The episode features interviews with: Inouye’s son, Ken Inouye; Inouye’s fomer chief of staff, Jennifer Sabas; longtime friend and colleague Jeff Watanabe, J.D.; and Robert Stodden, Ph.D., Founder of the Center on Disability Studies at University of Hawai‘i at Mānoa. All of them speak about Inouye’s complicated relationship to disability and his refusal to be pigeonholed as someone with a “dis.” Inouye’s self-identity comes into focus as generational definitions break down and ultimately reveal that in all parts of his life, Inouye lived as a person who was always “equal to.”

About Renegades

Renegades is a series of five 12-minute short films showcasing the lives of diverse, lesser-known historical figures with disabilities, exploring not only their impact on and contributions to U.S. society, but also the concept of disability culture, which honors the uniqueness of disability. Hosted and narrated by the musician and disability rights advocate Lachi, who is blind, and created and produced by a team of D/deaf and disabled filmmakers, the series is designed to increase public knowledge of disability history, and encourage cross-cultural understanding between non-disabled people and those with disabilities – who make up 1 in 4 adults in America today.

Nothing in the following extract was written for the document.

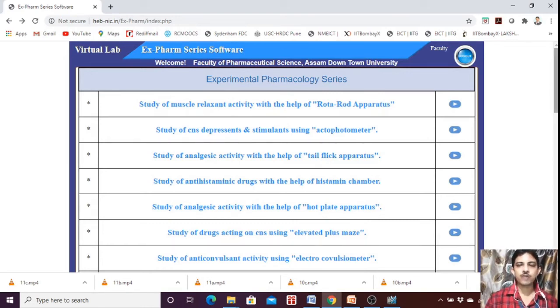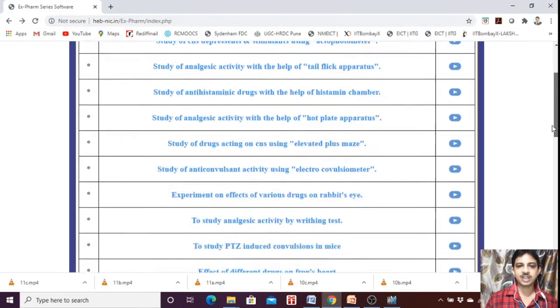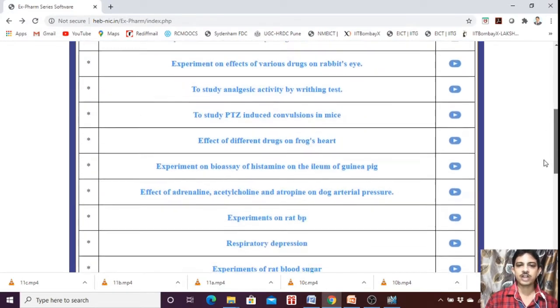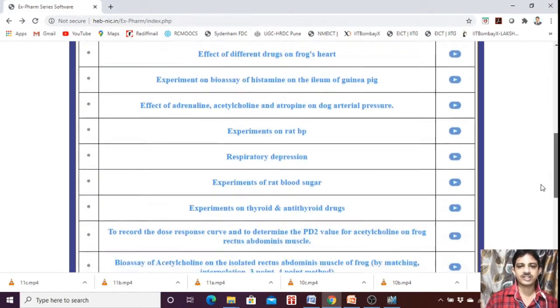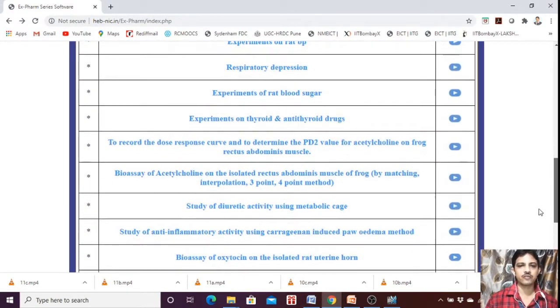Now we are going to perform the CRC, or DRC, of Acetylcholine.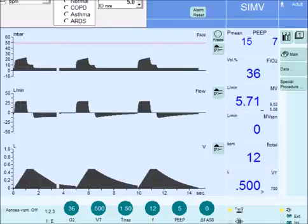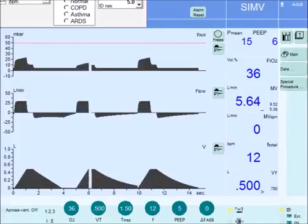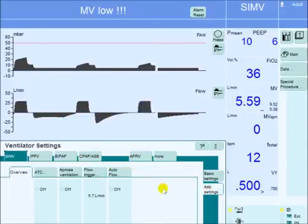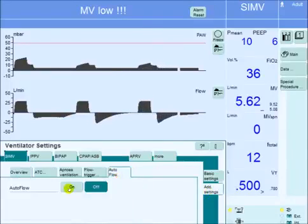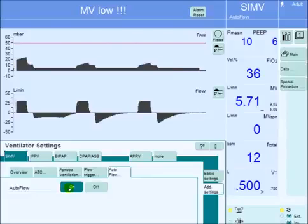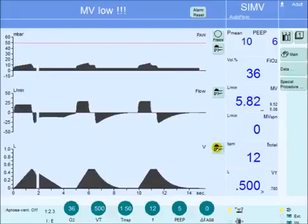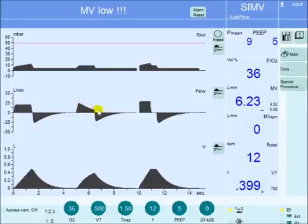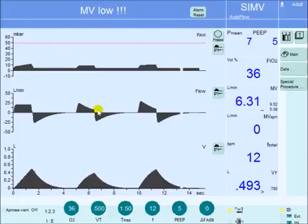Now, in pressure-regulated volume-controlled mode of ventilation, you can turn that on on Draeger by going to the Add Settings, Auto Flow, and turn it on. Notice that when you turn the Auto Flow on, the flow waveform is changed from a square wave to a decelerating wave, indicating that this is a pressure-delivered or pressure-regulated breath.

Infused with the spirit of the disability movement’s mantra, “Nothing About Us Without Us,” Renegades places a focus on authentic storytelling, with a cast and crew composed almost entirely of disabled people, and a talent incubator model of filmmaking to mentor emerging directors, producers, writers, cinematographers, and editors with disabilities.

About the filmmakers

Tammy “TS” Botkin is the writer, director and producer of Renegades: Daniel K. Inouye. Her feature directorial debut is the Better Angels Lavine Fellow documentary, A Long March, which she created with a diverse crew under the guidance of the Filipino American community and broadcasted nationally in April 2024 via PBS member stations. She also co-produced the award-winning documentaries Her Turf (2018, pilot) and Mary Janes: The Women of Weed (2017, feature). A member of the Lenape Nation of Pennsylvania, Botkin’s Indigenous writing has garnered recognition at Austin Film Festival (2016) and Atlanta Film Festival (2018). As a staunch supporter of diverse voices, she currently serves on the board of Women in Film and Media Colorado and volunteers across communities.

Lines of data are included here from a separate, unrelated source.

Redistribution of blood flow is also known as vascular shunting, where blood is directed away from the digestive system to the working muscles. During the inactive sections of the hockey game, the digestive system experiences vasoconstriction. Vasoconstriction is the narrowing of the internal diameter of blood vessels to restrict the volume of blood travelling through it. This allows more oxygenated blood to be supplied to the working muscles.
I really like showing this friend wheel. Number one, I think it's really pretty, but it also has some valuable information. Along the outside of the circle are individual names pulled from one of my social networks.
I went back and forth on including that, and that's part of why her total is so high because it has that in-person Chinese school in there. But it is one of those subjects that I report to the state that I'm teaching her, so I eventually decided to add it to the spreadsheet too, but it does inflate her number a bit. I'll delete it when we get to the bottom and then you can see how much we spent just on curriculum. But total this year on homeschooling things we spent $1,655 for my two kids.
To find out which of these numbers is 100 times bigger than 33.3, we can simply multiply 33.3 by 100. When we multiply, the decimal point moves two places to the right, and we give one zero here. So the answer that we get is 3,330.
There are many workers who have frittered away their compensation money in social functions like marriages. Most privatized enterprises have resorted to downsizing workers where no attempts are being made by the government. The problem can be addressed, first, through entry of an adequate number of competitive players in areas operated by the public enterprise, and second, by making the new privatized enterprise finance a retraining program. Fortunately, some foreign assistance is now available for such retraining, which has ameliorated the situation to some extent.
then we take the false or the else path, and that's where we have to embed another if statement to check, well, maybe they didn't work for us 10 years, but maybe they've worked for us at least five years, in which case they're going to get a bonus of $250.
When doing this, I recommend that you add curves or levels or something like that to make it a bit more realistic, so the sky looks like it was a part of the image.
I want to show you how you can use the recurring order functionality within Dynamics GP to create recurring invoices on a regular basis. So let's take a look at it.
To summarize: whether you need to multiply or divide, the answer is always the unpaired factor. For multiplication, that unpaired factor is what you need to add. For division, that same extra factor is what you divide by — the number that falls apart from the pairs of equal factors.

Angel Williams is the co-writer and producer of Renegades: Daniel K. Inouye. She is an award-winning writer, and producer, who hails from Washington, D.C but currently lives in Denver, CO. She is an U.S. Army disabled veteran that was given an opportunity in 2014, to attend the Writer’s Guild Initiative, where she was encouraged to turn her short stories into screenplays. A mother of three disabled children and a wife of over 20 years, Williams turned her passion into a career. Even after having a stroke, she has not given up on the opportunities to be creative. She focuses on telling the stories of those who live with non-visible disabilities and family dramas. Williams had the honor of being a fellow with the 2022 cohort of Respectability Entertainment Lab. She has placed as a semi-finalist in The ScreenCraft Film Fund for her sci-fi project, Stone Fate, which also made Coverfly’s Red List, as well as her family drama Conversations with Mom.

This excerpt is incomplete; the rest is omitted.